The other helpful information I gathered about revision came from Bringing the Devil to His Knees. The idea of creating openings and endings in short fiction that both hook (beginnings) and land the theme (endings like a gymnast twisting over and over in the air and coming to a beautiful, still stop, arms raised in victory) in a poetic and resonant way is not a new idea. However throughout the book, especially in the essay by Debra Spark, Getting in and Getting out: First Words in First and Last Words, she writes “slightly curious sentences deliver an image or line so fantastic that we feel the promise of a good story ahead.” I like to think I truck in the slightly curious sentence at any point of the story so I’m always on the lookout for telling the reader instead of engaging the reader. I want to leave a sense impression not an idea — ideas are frothy and impermeable in the realm of story unless they’re delivered through the senses.

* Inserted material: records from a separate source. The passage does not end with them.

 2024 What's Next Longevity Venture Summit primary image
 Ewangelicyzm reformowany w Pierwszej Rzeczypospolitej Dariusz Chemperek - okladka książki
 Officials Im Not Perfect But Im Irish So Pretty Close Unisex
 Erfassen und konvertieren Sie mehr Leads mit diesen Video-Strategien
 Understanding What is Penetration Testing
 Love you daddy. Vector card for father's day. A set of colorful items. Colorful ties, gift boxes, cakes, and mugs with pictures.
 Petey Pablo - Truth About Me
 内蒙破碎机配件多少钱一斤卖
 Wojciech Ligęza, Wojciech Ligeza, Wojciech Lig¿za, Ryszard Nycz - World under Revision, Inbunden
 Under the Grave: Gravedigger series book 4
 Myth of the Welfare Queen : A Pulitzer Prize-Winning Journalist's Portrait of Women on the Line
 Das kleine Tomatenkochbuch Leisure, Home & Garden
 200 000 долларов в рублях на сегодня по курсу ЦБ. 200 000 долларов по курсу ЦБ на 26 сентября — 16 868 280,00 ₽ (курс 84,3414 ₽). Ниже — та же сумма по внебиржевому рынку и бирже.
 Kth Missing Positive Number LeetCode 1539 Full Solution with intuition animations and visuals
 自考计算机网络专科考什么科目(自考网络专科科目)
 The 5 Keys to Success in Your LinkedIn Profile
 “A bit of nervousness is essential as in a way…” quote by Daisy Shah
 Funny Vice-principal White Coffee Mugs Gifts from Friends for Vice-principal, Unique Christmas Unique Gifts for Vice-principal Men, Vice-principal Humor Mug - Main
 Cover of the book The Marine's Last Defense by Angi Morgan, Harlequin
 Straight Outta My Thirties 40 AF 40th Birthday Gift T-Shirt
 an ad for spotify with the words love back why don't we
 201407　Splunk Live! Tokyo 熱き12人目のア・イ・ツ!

I’m trying to write about trauma and also about women and their strength against so much of what is against us. I write about men who society has told to shut down; women who society has told shut up. In the essay, Spark says about endings: “fiction reminds us that what matters to humans matters and matters desperately” when I’m looking at revision of my endings I look for a resonance that matters; maybe is both humanistic and evocative. The language is important as well. To gift “the sense of the story opening up in this final moments to how enormous things are”—to the reader is the aim, I think. When the walls seem to become transparent and we see ourselves as part of the great flow of life.
The new part of the year seems to gift us similarly with an opening up of possibility and promise. That’s what revision allows, too. The possibility of allowing the story and its characters to become as truly itself (themselves) as possible. I have worked on stories that surprised me with their resilience in the face of my ham-handed efforts. I have nicked the artery in some and watched them bleed out. But I’ve also saved the draft and started over and ended up with something I really like as a lover of literary fiction and speculative fiction; poetry and almost all iterations of the word on the page: something that sings.